■ WHAT YOU HAVE TO DO ■
Could you return every line of the records below that contains the word "House"?

■ Short web captions ■
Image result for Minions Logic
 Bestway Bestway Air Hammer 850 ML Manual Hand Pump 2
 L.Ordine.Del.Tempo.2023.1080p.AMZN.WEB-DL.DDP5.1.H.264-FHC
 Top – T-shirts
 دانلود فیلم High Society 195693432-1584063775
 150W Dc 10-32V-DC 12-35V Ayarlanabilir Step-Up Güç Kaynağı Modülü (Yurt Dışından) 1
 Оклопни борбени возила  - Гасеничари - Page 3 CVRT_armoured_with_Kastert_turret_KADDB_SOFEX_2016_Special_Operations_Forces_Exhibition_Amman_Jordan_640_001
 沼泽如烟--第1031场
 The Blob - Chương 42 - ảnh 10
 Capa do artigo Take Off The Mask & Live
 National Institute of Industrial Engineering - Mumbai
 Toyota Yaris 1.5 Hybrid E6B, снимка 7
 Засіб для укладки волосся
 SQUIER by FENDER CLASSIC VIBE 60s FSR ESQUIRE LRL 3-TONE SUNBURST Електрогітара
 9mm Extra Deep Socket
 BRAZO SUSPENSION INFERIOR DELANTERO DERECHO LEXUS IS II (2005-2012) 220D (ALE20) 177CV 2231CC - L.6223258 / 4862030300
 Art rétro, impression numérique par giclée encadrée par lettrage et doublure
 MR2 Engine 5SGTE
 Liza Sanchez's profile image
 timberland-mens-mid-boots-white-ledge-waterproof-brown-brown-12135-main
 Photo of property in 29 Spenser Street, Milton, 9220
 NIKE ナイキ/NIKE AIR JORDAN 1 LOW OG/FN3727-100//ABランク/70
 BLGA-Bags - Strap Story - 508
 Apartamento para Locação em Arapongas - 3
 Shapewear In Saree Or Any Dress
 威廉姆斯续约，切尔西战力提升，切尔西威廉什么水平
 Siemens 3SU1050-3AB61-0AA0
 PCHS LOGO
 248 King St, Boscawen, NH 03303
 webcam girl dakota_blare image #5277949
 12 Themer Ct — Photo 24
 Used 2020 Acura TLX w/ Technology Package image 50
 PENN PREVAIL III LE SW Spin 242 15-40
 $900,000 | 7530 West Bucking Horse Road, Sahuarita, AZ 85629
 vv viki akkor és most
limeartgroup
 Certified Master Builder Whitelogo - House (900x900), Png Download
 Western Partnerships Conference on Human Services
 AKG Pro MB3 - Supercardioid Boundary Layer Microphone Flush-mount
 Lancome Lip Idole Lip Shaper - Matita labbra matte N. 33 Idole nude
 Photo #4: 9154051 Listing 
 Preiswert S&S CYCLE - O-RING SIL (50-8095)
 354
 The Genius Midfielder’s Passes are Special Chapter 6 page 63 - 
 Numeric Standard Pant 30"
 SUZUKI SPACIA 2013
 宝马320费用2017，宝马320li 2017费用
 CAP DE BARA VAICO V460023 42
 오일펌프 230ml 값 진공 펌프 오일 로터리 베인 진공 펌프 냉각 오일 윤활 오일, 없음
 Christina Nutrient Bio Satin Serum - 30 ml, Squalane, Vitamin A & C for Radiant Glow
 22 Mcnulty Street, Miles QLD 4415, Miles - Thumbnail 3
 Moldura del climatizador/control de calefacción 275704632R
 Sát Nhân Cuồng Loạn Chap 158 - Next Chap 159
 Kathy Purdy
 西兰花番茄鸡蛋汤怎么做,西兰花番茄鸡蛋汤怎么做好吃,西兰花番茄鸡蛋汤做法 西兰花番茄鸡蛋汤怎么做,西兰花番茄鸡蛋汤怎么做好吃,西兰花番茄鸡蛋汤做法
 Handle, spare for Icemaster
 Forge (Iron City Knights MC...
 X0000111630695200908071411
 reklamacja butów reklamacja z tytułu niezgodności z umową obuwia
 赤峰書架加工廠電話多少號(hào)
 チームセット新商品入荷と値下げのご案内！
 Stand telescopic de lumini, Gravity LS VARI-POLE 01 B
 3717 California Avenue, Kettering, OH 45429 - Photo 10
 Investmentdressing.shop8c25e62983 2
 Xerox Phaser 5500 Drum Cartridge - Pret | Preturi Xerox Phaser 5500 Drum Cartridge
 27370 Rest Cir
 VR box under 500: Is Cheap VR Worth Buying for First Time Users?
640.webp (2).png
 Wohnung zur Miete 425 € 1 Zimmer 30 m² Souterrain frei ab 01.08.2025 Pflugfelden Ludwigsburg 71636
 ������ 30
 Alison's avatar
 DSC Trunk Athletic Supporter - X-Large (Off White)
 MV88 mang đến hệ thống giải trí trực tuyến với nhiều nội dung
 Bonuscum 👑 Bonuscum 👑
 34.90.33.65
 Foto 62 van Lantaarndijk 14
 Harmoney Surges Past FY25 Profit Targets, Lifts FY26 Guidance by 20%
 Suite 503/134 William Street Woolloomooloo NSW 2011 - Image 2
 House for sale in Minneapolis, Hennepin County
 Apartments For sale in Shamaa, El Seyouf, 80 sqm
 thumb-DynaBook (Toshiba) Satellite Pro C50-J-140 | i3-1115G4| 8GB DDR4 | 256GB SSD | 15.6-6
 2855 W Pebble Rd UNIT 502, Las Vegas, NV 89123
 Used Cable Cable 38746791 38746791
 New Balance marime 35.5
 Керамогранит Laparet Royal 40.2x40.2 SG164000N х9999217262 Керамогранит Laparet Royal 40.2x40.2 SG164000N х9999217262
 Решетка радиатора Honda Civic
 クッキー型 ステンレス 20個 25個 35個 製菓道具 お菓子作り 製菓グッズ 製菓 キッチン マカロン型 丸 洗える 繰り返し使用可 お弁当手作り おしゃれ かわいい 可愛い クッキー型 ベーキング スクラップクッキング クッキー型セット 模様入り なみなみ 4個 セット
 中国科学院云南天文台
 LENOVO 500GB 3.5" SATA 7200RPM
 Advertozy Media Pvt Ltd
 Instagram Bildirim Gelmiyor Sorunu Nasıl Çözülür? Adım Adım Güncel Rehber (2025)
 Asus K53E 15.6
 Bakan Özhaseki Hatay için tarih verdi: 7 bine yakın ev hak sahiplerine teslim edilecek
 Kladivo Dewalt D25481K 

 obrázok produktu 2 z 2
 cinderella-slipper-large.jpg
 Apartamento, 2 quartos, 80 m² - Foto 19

■ TASK RESULT ■
 Certified Master Builder Whitelogo - House (900x900), Png Download
 House for sale in Minneapolis, Hennepin County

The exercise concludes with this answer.